そんなきまぐれ猫ちゃんなところも本当にかわいくて仕方がない。
「猫のことをとても大事にしてるのはいいことだと思うんだけどね。猫に鼻を伸ばしてるくらいなら、彼女でも作って女性に鼻の下を伸ばしなさいよ」
「彼女、何それおいしいの」
「あんたねぇ」
「母さん、俺はいつも言ってるだろ。俺は猫がいればいいって!猫万歳!」
「だめだこの子、はやくなんとかしないと」
ちなみに俺は別に人嫌いというわけではない。俺は生まれた時からずっと猫が日常のそばにいたこともあって、猫が本当に大好きなだけなのだ」
そんなある日、猫を今日もかまっていると両親に声をかけられた。
「実は友人の猫ちゃんを一時的に預かることになった」
「猫ちゃん! 歓迎だな。どんな猫ちゃんなんだ」
「とにかく可愛い可愛い猫ちゃんらしいわよ」
「可愛い可愛い猫ちゃん! 楽しみだな」
プライドの高いミルドレッド、気分屋のサイモン、さてこの個性ある2匹と一緒にもう1匹愛でられるのが楽しみだ。
「で、その預かる件なんだが、お父さんとお母さんの友人でな。
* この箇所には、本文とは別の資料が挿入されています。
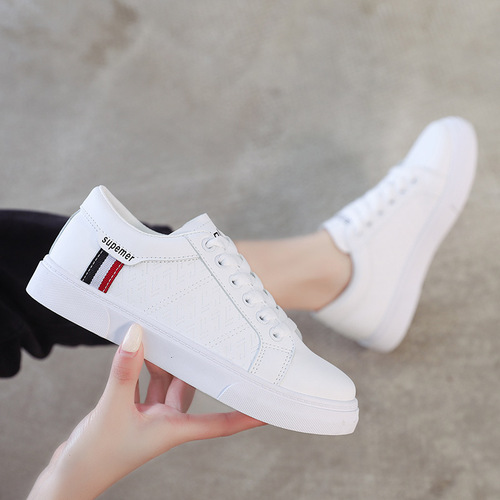 Women's new popular casual shoes all-matching women's shoes sports small white shoes women's spring flat skate shoes fashionable shoes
一緒に旅行に行くんだ」
「へー、つまり?」
「2週間ほどお父さんもお母さんも家を空けるから、猫をよろしくね」
「まぁえらく唐突な話だな。まぁいいよ」
これでミルドレッドもサイモンも併せて3匹を俺1人で独占し放題である。
次の日、朝から父さんと母さんは外出していった。
「そういえばまだ猫ちゃんが来てないけど、父さんとお母さんの友人の人がここに猫を連れてくるのかな」
ピンポーン。
するとインターホンがなった。
「はーい」
しかしドアを開けて俺は驚いた。
「こんにちは」
そこにいたのは、細川由美未
同じ学校に通う同級生だが、直接的な絡みはない。
日本人的な美人なのだが、わずかに入っている外国の血から銀髪の髪を持ち、しかもそれに違和感がないという美少女だ。
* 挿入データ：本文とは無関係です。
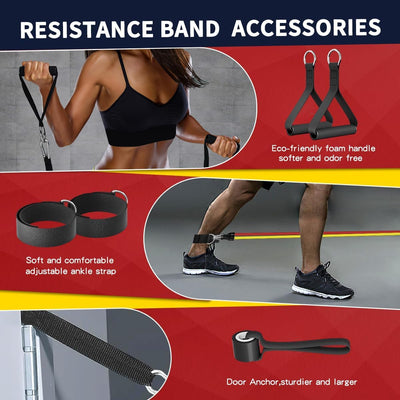 Resistance Band Set with Handles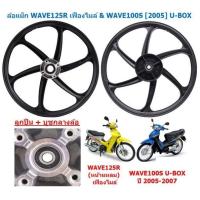 ราคา ล้อแม็ก WAVE125R เฟืองไมล์ & WAVE100S[2005]U-BOX สีดำ 6ก้าน ขอบ17 ล้อแม็กเวฟ125r ล้อเวฟ100เอสยูบอกซ์ (27257890023)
その美貌に男子生徒のみならず女子生徒まで虜にし、ファンクラブもあるという噂だ。
しかしその可憐な容姿とは裏腹に、いつも無表情、無口で何を考えているかはわからない。
よく言えばクール、悪く言えば不愛想である。
そんな彼女を俺含め一部の生徒は苦手としていた。目が釣り目な猫目で、きまぐれ猫ちゃんぽさはあるが、関係を持ちたいとは思えない。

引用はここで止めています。